Since its earliest days, the Internet filled us with the hope of uniting all of humanity. With information traveling at the speed of light, we thought, geographic location wouldn’t matter and anyone who shared our interests would be within reach.

But there’s an age-old problem working against our utopian dreams of the web uniting the world: the language barrier. After all, it doesn’t matter what you have access to if you can’t read it.

In the first couple decades of the Internet, we had a simple, if unsustainable, solution. Most people used English — even if it wasn’t their native language.

Ethan Zuckerman, the founder of the multi-lingual blog network Global Voices, observed this phenomenon as recently as 2004. He was at dinner with a couple dozen bloggers in Amman, Jordan who were chatting away in Arabic.

“But almost all of them were blogging in English at that point,” Zuckerman explains. “Out of that group of people that I had dinner with, a lot of those people blog in Arabic now. And I’ve gone back and talked to some of them… and one said to me, ‘When we were trying this in 2004 there were very few Arabic speakers online, and we just couldn’t write for that audience. But now our friends, our peers, our neighbors are all online. That’s who we want to reach.’”

The numbers support this anecdote. According to Internet World Stats, Arabic users on the Internet have increased by more than 2,000 percent over the past decade. Chinese will soon replace English as the most-used language on the web. And dozens of other languages are experiencing huge growth. On the one hand this is great: the more people who come online, the better. But as they join the web using different languages, how do we stop the internet from fracturing along language lines?

Many think a big part of the solution will be machine translation. Translation software has been around for decades with a mediocre track record, but Google’s translation service, Google Translate, is producing impressive results and improving quickly.

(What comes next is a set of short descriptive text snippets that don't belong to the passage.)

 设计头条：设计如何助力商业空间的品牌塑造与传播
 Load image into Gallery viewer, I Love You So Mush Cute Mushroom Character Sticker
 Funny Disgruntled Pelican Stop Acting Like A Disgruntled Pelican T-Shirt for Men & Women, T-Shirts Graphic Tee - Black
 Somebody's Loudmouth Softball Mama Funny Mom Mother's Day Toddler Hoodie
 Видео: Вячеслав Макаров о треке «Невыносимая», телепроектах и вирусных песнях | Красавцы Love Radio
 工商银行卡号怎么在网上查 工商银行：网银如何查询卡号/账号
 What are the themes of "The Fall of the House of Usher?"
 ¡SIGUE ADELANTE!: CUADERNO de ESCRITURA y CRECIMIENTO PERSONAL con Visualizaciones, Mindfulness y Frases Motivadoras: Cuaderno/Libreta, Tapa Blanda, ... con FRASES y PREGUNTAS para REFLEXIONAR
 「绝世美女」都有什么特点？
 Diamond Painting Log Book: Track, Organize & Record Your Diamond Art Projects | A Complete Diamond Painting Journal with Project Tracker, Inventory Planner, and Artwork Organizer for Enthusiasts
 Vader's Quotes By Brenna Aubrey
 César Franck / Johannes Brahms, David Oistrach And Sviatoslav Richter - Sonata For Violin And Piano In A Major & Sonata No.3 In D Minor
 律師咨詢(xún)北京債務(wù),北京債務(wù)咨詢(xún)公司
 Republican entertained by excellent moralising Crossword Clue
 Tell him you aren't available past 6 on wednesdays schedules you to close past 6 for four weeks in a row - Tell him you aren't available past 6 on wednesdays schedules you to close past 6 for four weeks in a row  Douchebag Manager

“What we do is use hundreds of billions of words that Google infrastructure has access to,” says Michael Galvez, Project Manager at Google Translates. Google’s computers scour the web, suck in all that text, analyze it and learn how people actually write. Google combines that information with high-quality translation transcripts to make a pretty amazing machine translator. Check out this article from a Spanish Newspaper in translated into English. Not bad, eh?

But some language combinations work much better than others and even when the translation’s good, it’s never perfect.

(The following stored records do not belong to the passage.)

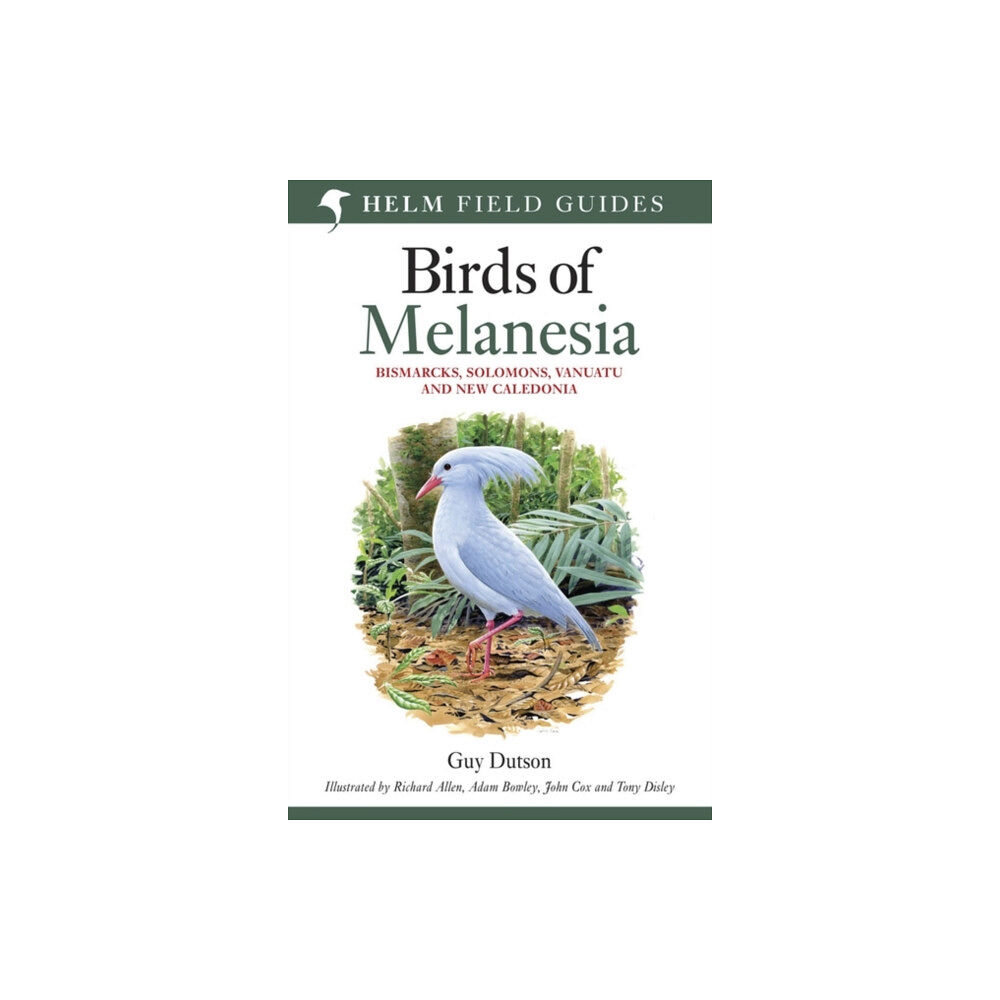 Bloomsbury Publishing PLC Field guide to Birds of Melanesia (häftad, eng)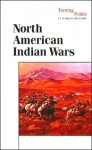 North-American Indian Wars (Turning Points in World History) - Don Nardo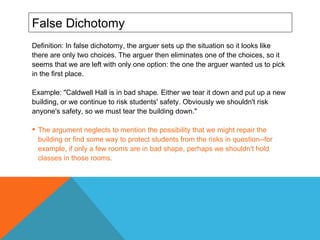 False Dichotomy Definition: In false dichotomy, the arguer sets up the situation so it looks like there are only two choices. The arguer then eliminates one of the choices, so it seems that we are left with only one option: the one the arguer wanted us to pick in the first place.  Example: "Caldwell Hall is in bad shape. Either we tear it down and put up a new building, or we continue to risk students' safety. Obviously we shouldn't risk anyone's safety, so we must tear the building down."  The argument neglects to mention the possibility that we might repair the building or find some way to protect students from the risks in question--for example, if only a few rooms are in bad shape, perhaps we shouldn't hold classes in those rooms. 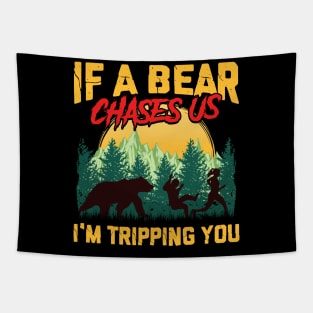 If a Bear Chases Us I'm Tripping You Camping Joke Tapestry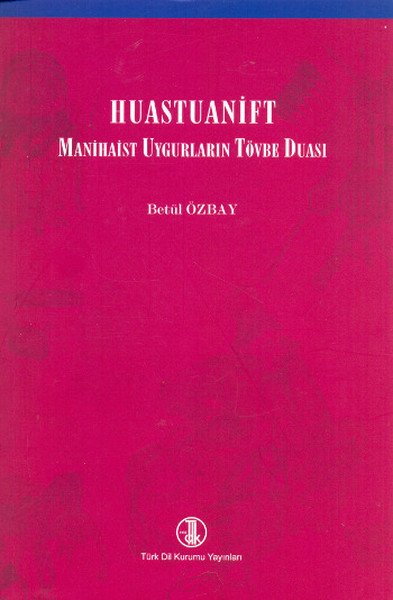Huastuanift Manihaist Uygurların Tövbe Duası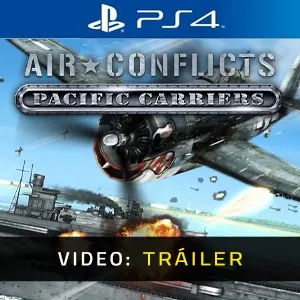 Air Conflict Pacific Carriers PS4 - Tráiler del Vídeo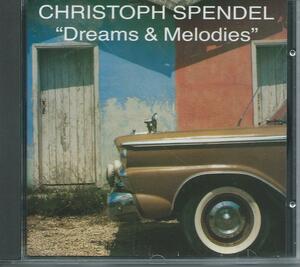 　Dreams & Melodies/CHRISTOPH SPENDEL　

“Google Translate is good at helping you get what is called a gestation or essentially the essence of what the other person is communicating,” says Goolgle’s Michael Galvez.

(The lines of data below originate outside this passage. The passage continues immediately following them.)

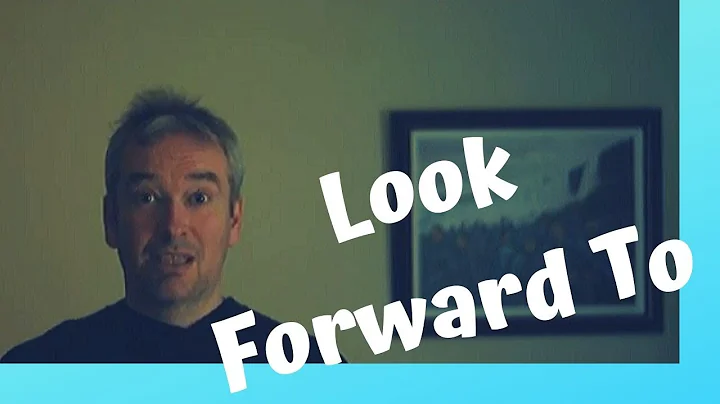 Phrasal Verb Lesson - Look Forward To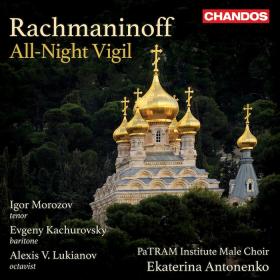 Rachmaninoff - All-Night Vigil - Patram Institute Male Choir, Ekaterina Antonenko (2024) [24-96]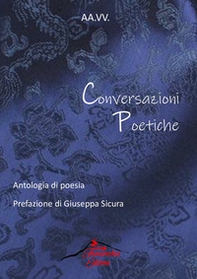 Conversazioni poetiche. Antologia di poesia - Librerie.coop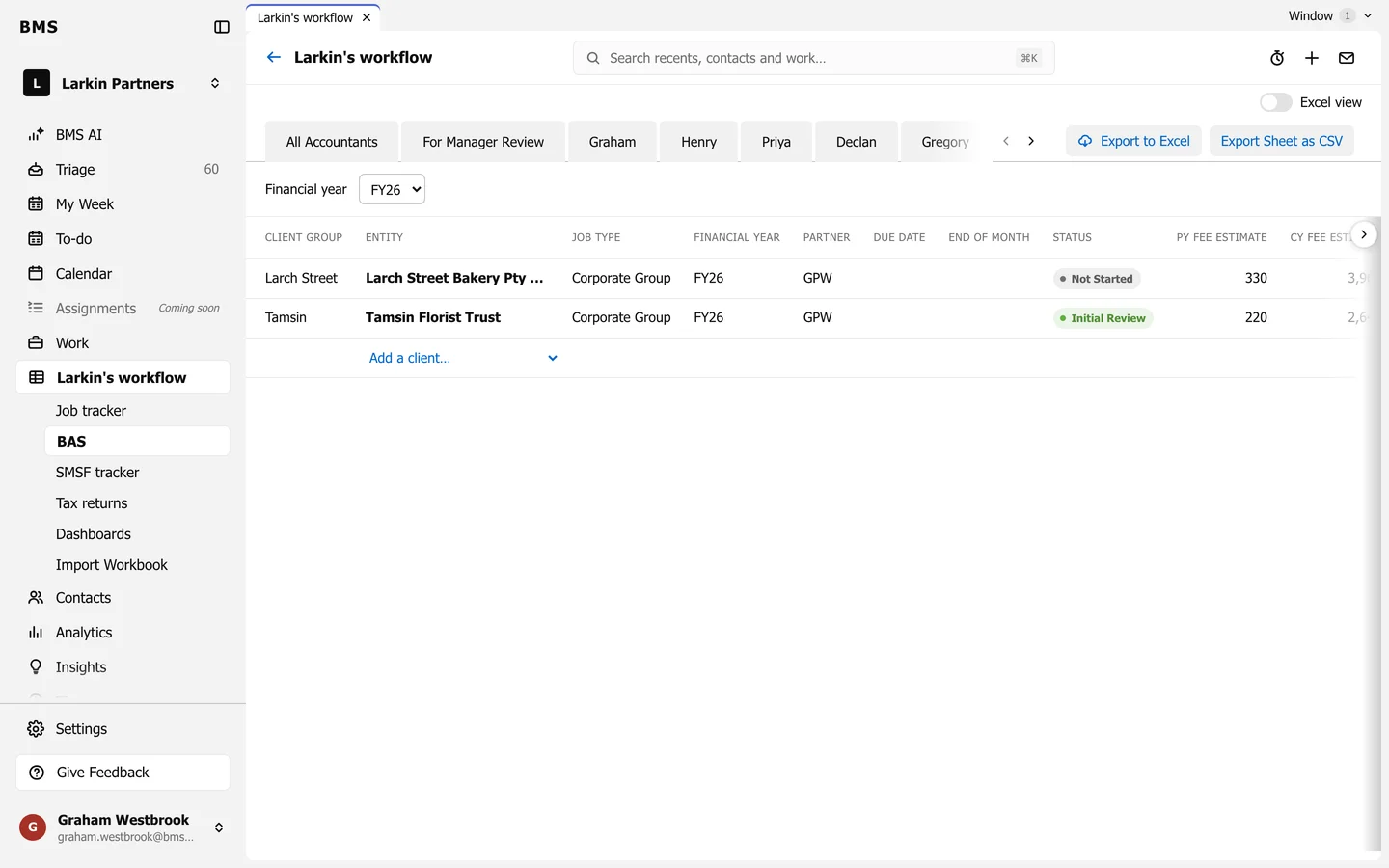 The BAS tracker on Graham's sheet with a Financial year selector set to FY26 and rows of BAS clients with client group, entity, job type, financial year, partner, due date, end of month, status and fee estimates, and an Add a client link.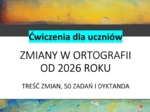 Zmiany w ortografii od 2026 roku. Treść zmian, 50 zadań i dyktanda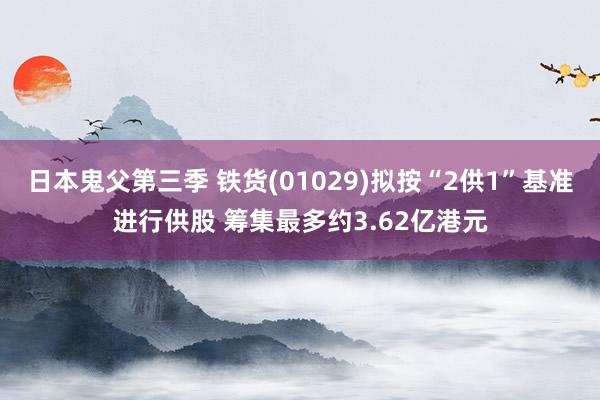 日本鬼父第三季 铁货(01029)拟按“2供1”基准进行供股 筹集最多约3.62亿港元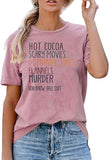 Women Hot Cocoa Scrary Movies Pumpkin Spice Funny Halloween T-Shirt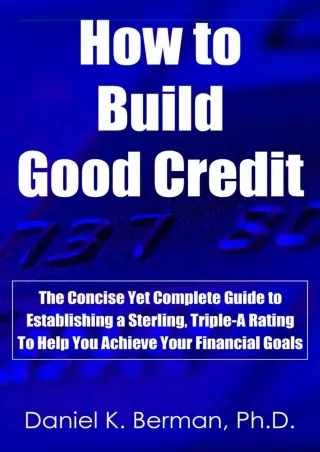 ✔Read❤ [PDF]  How to Build Good Credit: The Concise Yet Complete Guide to Establ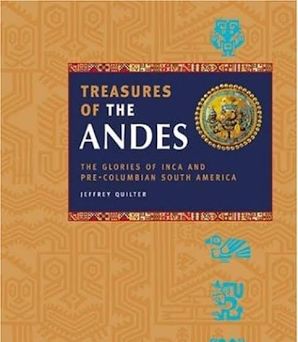 Treasures of the Andes: The Glories of Inca and Pre-Columbian South America
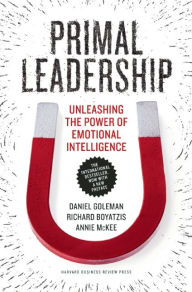 Title: Primal Leadership, With a New Preface by the Authors: Unleashing the Power of Emotional Intelligence, Author: Daniel Goleman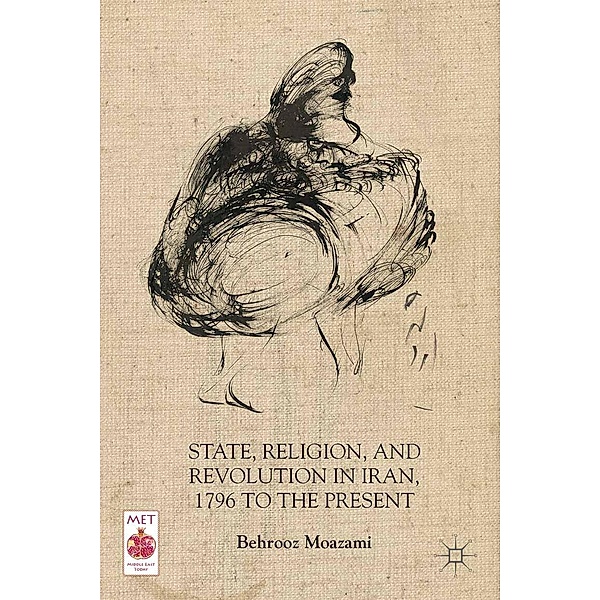 State, Religion, and Revolution in Iran, 1796 to the Present / Middle East Today, B. Moazami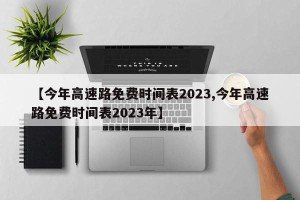 【今年高速路免费时间表2023,今年高速路免费时间表2023年】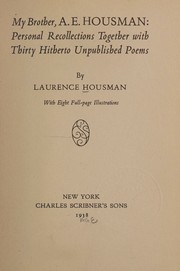 Cover of: My brother, A.E. Housman: personal recollections together with thirty hitherto unpublished poems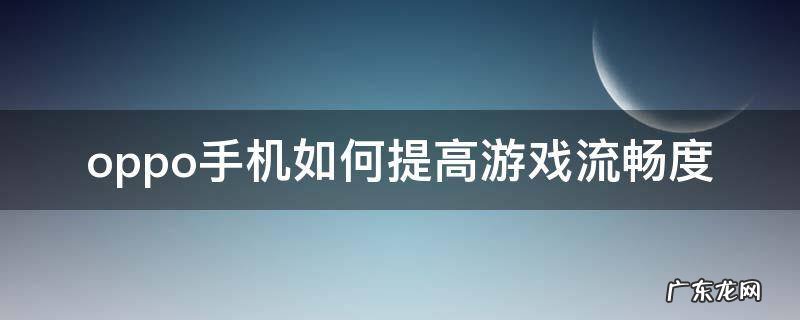 OPPO怎么让游戏流畅 oppo手机如何提高游戏流畅度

I’m skeptical that “gestations” will be enough. Much of what we read on the web is written beautifully or full of nuance and software will never be able to translate that. So some translation projects, like a new website called Meedan.net, are still using good ol’ humans.

“The idea is a Wikipedia-style approach to translation,” says Meedan founder Ed Bice. Meedan uses a mix of human and machine translation to present articles, blog posts, and comments about the Middle East in hopes of bridging the gap between the Arabic and English-speaking worlds.

The comments following an article like this one show how the presentation of the translated text will also be an important issue to tackle. Google Translate essentially wipes out the foreign language, showing you web pages only in your language. Meedan instead has the English and Arabic side-by-side. This layout is a valuable addition to the translations themselves when it allows you to see comments bouncing back and forth between languages.

Internet thinkers say both machine translation and human translating projects will continue to improve rapidly over the next decade. Few are eager to predict when, if ever, a Star Trek-style universal translator will emerge. But as more and more of the web moves away from English, I have feeling we’ll be using more and more of these services. After all, 73 percent of the Internet right now is not in English.